During early stages of infection, the HPV genome is maintained as multiple episomal copies. The viral early promoter regulates transcription of a polycistronic mRNA which encodes the E1, E2, E4, E5, E6, and E7 early proteins (18). To measure levels of 16E5 protein when expressed from episomes under the control of the early viral promoter, two clonal cell lines harboring episomal copies of the HPV-16 genome, NIKS-2L and NIKS-4H, were used for MS analysis. These cell lines replicate both the pathology and pattern of viral gene expression of low-grade (NIKS-2L) or high-grade (NIKS-4H) squamous intraepithelial lesions (LSIL and HSIL) in organotypic raft cultures (24). Parental NIKS cells also were analyzed as a negative control. Comparison of the areas under the peaks of the D5-FLIT/IT internal standard (Fig. 7A) and FLIT/IT analyte (Fig. 7B) indicated that NIKS-4H contained 21,400 molecules of 16E5 protein per cell and that NIKS-2L contained 48,300 molecules per cell. 16E5 was not detected in the parental NIKS line. The FLIT/FL and FLIT/FLI transitions of endogenous FLIT peptide agree with these results (Fig. 8). Therefore, wt 16E5 is expressed at similar levels in our E6/E7-immortalized HECs and the NIKS-2L cells that harbor episomal HPV-16 DNA (2.2-fold difference).
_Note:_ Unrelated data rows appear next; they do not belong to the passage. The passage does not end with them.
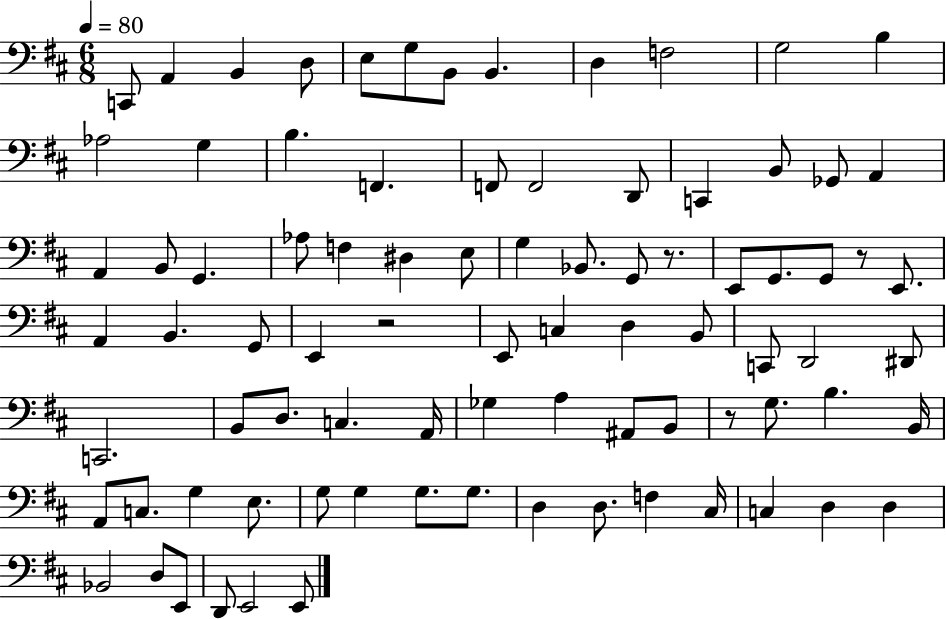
C2/e A2/q B2/q D3/e E3/e G3/e B2/e B2/q. D3/q F3/h G3/h B3/q Ab3/h G3/q B3/q. F2/q. F2/e F2/h D2/e C2/q B2/e Gb2/e A2/q A2/q B2/e G2/q. Ab3/e F3/q D#3/q E3/e G3/q Bb2/e. G2/e R/e. E2/e G2/e. G2/e R/e E2/e. A2/q B2/q. G2/e E2/q R/h E2/e C3/q D3/q B2/e C2/e D2/h D#2/e C2/h. B2/e D3/e. C3/q. A2/s Gb3/q A3/q A#2/e B2/e R/e G3/e. B3/q. B2/s A2/e C3/e. G3/q E3/e. G3/e G3/q G3/e. G3/e. D3/q D3/e. F3/q C#3/s C3/q D3/q D3/q Bb2/h D3/e E2/e D2/e E2/h E2/e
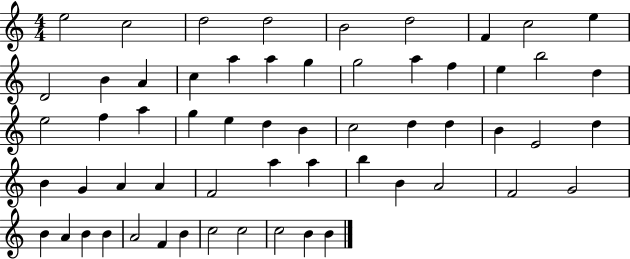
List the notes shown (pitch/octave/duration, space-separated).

E5/h C5/h D5/h D5/h B4/h D5/h F4/q C5/h E5/q D4/h B4/q A4/q C5/q A5/q A5/q G5/q G5/h A5/q F5/q E5/q B5/h D5/q E5/h F5/q A5/q G5/q E5/q D5/q B4/q C5/h D5/q D5/q B4/q E4/h D5/q B4/q G4/q A4/q A4/q F4/h A5/q A5/q B5/q B4/q A4/h F4/h G4/h B4/q A4/q B4/q B4/q A4/h F4/q B4/q C5/h C5/h C5/h B4/q B4/q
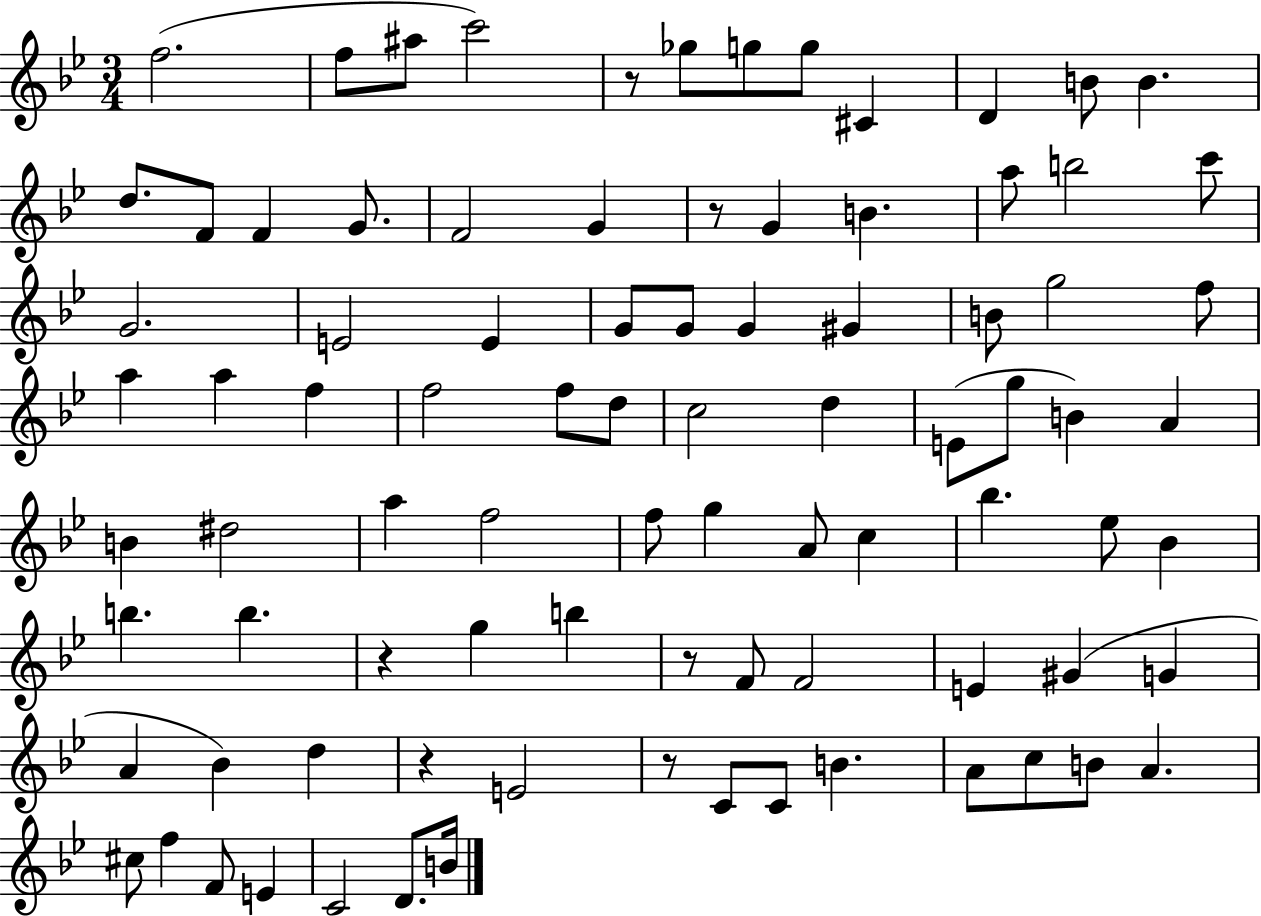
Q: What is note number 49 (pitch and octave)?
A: F5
Fig 7 — Levels of 16E5 expressed from epithelial cell lines harboring episomal HPV-16 genomes. (A) Chromatograms of D5-FLIT/FLIT transitions for deuterated internal standard added to tryptic digests of parental NIKS cells or NIKS-4H and NIKS-2L clonal cell lines harboring episomal copies of the HPV-16 genome. (B) Chromatograms of FLIT/IT transitions for endogenous FLIT peptide in the tryptic digests. No endogenous FLIT was detected in the parental NIKS cells. All retention times of the deuterated internal standards and endogenous FLIT were 28.88 ± 0.1 min (25-cm column).
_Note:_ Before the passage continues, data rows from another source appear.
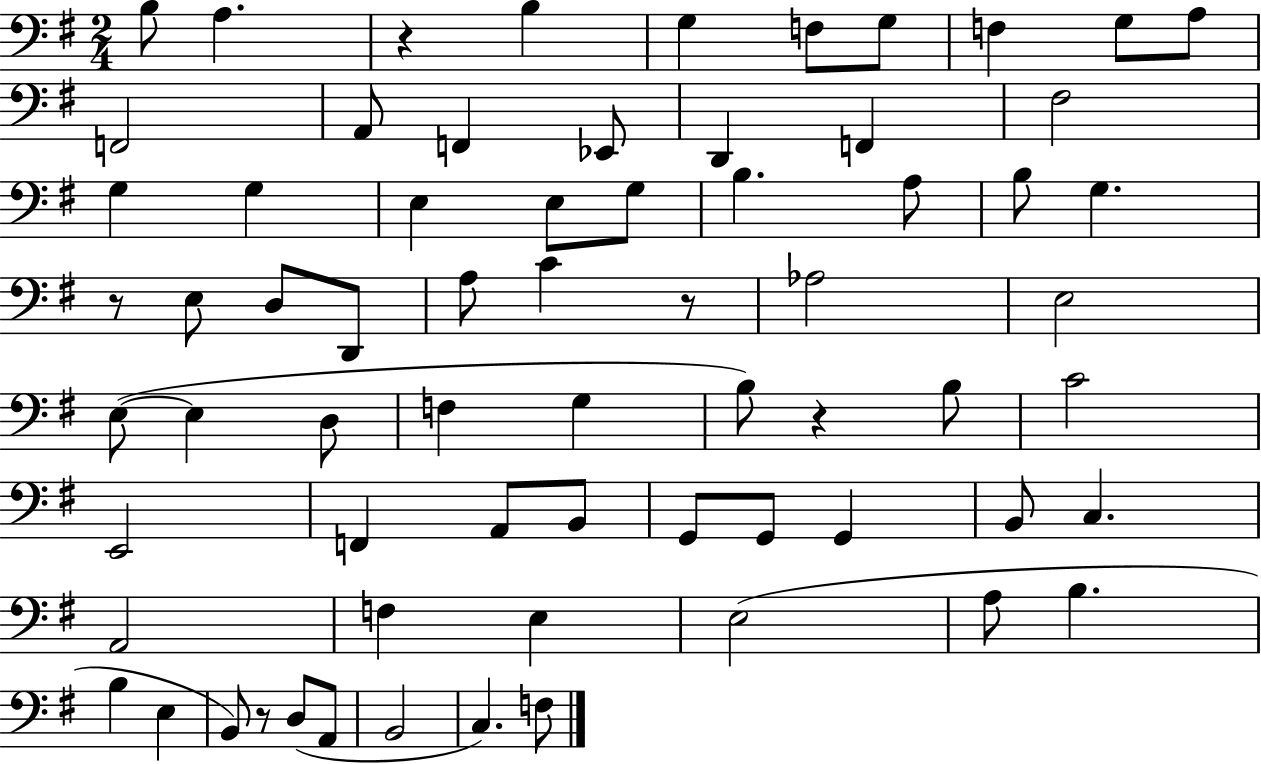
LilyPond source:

{
  \clef bass
  \numericTimeSignature
  \time 2/4
  \key g \major
  b8 a4. | r4 b4 | g4 f8 g8 | f4 g8 a8 | \break f,2 | a,8 f,4 ees,8 | d,4 f,4 | fis2 | \break g4 g4 | e4 e8 g8 | b4. a8 | b8 g4. | \break r8 e8 d8 d,8 | a8 c'4 r8 | aes2 | e2 | \break e8~(~ e4 d8 | f4 g4 | b8) r4 b8 | c'2 | \break e,2 | f,4 a,8 b,8 | g,8 g,8 g,4 | b,8 c4. | \break a,2 | f4 e4 | e2( | a8 b4. | \break b4 e4 | b,8) r8 d8( a,8 | b,2 | c4.) f8 | \break \bar "|."
}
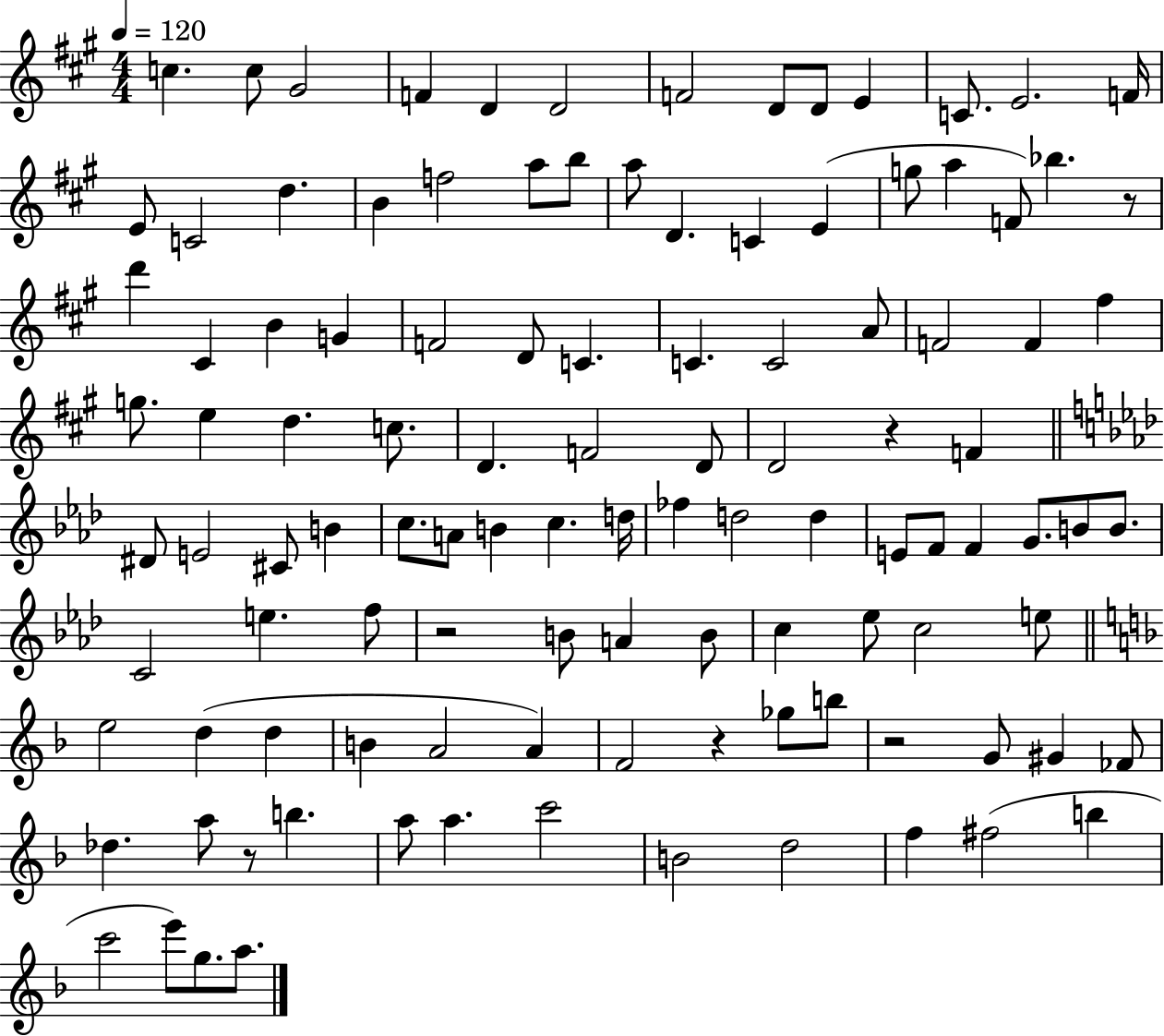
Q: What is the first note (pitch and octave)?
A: C5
Fig 8 — Chromatograms of FLIT/FL and FLIT/FLI transitions for endogenous FLIT peptide in tryptic digests of parental NIKS cells (A) or NIKS-4H (B) and NIKS-2L (C) clonal cell lines harboring episomal copies of the HPV-16 genome. FLIT retention times were 28.93 ± 0.1 min (25-cm column).

DISCUSSION

Although E5 expression is generally thought to be lost upon integration of HPV DNA into the host genome, some studies have demonstrated the presence of an E5 ORF and transcripts that may encode E5 in cervical cancer cell lines with integrated HPV DNA (5, 6, 41, 50, 51). However, since all HPV early genes are encoded by spliced polycistronic mRNAs that contain a 3′-terminal E5 ORF (18), it cannot be assumed that any of these transcripts are actually translated into E5 protein. To date, there is no direct evidence that the E5 protein is present in cervical cancer cell lines. Due to the highly hydrophobic, nonimmunogenic properties of 16E5, only two studies have used antibodies to detect 16E5 protein in cervical tissue (9, 27). Attempts to recreate these antibodies have not been successful, and the results have not been confirmed.
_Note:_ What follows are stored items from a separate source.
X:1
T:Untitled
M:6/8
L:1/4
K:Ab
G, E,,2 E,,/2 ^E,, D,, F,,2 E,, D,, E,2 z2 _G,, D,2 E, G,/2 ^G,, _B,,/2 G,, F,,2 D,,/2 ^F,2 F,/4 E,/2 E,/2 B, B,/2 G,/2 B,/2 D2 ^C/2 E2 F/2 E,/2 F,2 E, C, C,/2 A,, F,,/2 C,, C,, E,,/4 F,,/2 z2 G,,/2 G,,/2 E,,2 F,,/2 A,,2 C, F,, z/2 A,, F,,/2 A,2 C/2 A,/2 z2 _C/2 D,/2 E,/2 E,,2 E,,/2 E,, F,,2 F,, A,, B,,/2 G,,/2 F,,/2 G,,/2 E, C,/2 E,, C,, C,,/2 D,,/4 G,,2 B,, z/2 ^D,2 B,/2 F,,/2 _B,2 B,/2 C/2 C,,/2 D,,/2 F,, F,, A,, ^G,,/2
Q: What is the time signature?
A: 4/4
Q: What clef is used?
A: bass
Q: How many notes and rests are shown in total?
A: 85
Our approach has been to develop a direct, nonimmunologic method for quantitatively detecting the 16E5 protein in cells. We used MS to establish for the first time that E5 is expressed in Caski cervical cancer cells that contain an integrated HPV-16 genome. In addition, we determined levels of the E5 protein in E6/E7-immortalized cervical cells stably transduced with wt 16E5 and in keratinocytes that contain episomal HPV-16 DNA. While MS has been used previously to identify interactions between viral and cellular proteins (23, 19) and to identify proteins and their modifications (32, 33), we are unaware of its use to identify specific HPV proteins in clinical specimens and derived cell lines. It is noteworthy that episomal E5 expression is 2.3-fold higher in the LSIL-like NIKS-2L cell line than in the HSIL-like NIKS-4H. NIKS-2L is less proliferative than NIKS-4H at confluence (24), and the higher level of E5 observed in NIKS-2L at near confluence in the present study may be related to the initial signs of differentiation and episomal copy number rise as the cells move toward genome amplification.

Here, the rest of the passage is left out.